Give the listing again, word for word.

####################

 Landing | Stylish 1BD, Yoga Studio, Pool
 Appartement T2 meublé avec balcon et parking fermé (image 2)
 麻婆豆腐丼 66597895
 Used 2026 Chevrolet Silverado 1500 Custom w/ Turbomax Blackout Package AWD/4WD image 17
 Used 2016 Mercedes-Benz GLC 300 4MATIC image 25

####################

» **Result**
 Landing | Stylish 1BD, Yoga Studio, Pool
 Appartement T2 meublé avec balcon et parking fermé (image 2)
 麻婆豆腐丼 66597895
 Used 2026 Chevrolet Silverado 1500 Custom w/ Turbomax Blackout Package AWD/4WD image 17
 Used 2016 Mercedes-Benz GLC 300 4MATIC image 25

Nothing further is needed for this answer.